## WORK INSTRUCTIONS
Find every line of the listing below where "image" appears, and copy it.

## MATERIALS PROVIDED
# # # #

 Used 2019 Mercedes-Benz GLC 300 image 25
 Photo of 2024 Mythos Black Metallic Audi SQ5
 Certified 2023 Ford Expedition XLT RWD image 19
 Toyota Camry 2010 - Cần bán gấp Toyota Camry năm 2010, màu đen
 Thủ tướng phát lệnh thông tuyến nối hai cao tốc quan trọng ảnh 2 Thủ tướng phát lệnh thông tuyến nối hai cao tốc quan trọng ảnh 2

# # # #

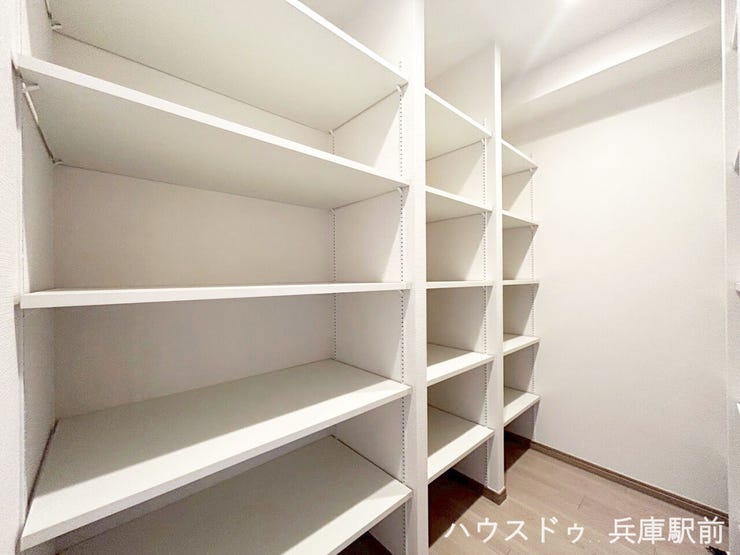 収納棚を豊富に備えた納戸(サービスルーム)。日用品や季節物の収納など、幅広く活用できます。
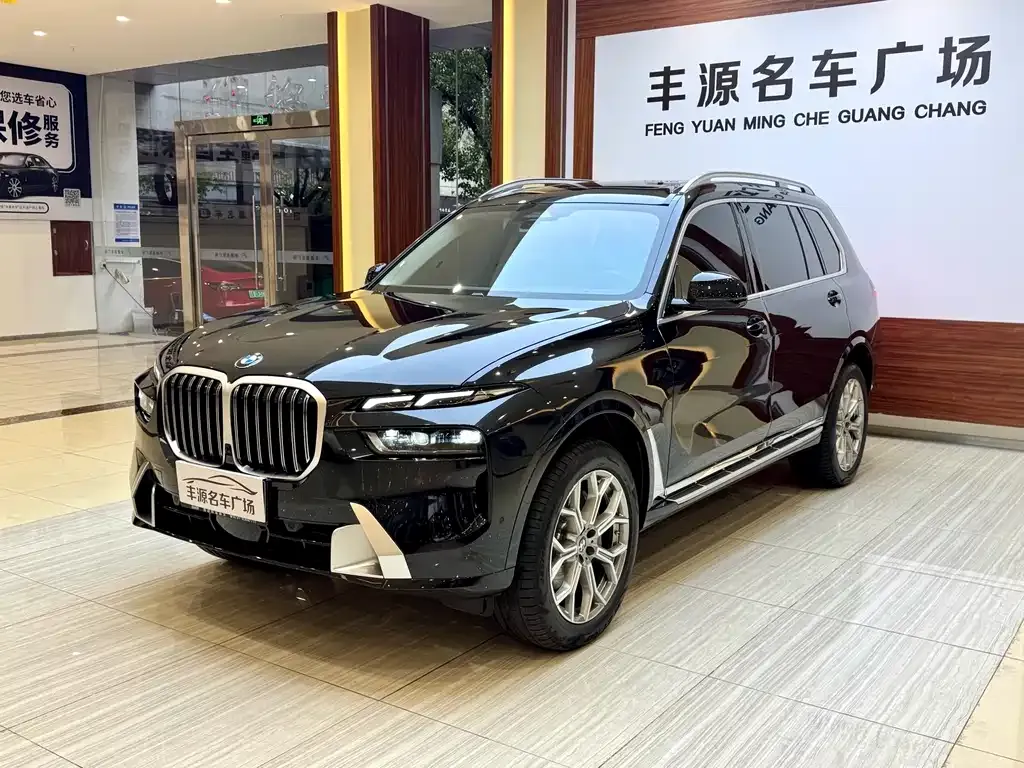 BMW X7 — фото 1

# # # #

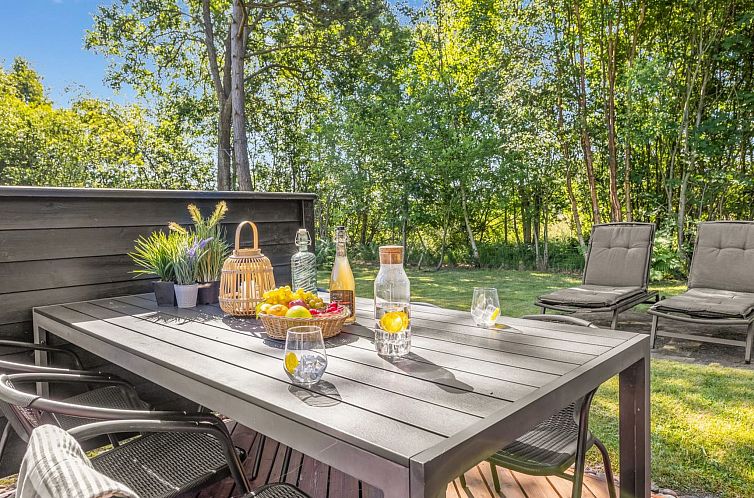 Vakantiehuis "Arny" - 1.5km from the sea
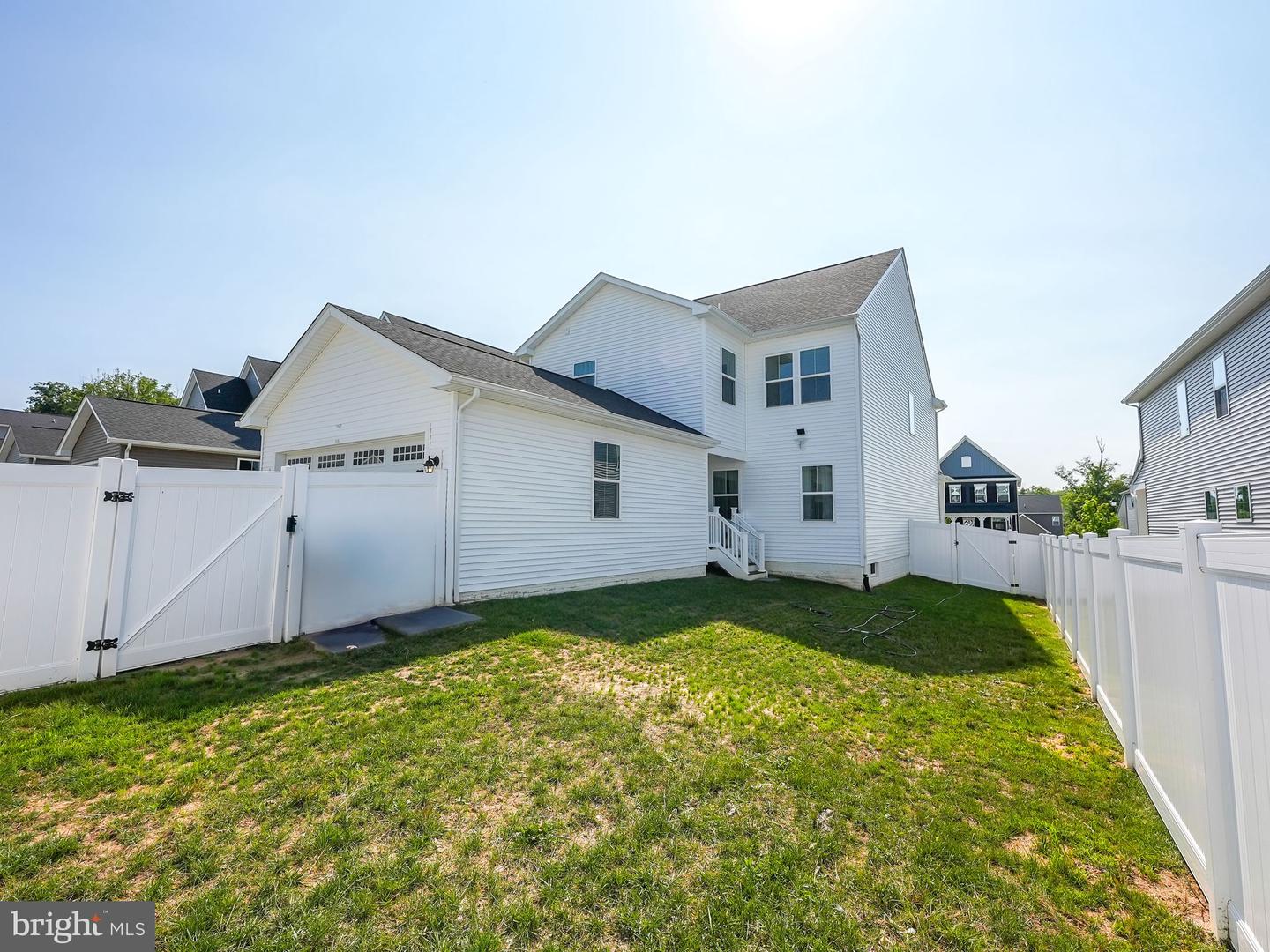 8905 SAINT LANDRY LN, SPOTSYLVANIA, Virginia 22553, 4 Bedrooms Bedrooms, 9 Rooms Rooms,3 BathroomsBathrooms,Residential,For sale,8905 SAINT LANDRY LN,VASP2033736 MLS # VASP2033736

# # # #

## YOUR SOLUTION
 Used 2019 Mercedes-Benz GLC 300 image 25
 Certified 2023 Ford Expedition XLT RWD image 19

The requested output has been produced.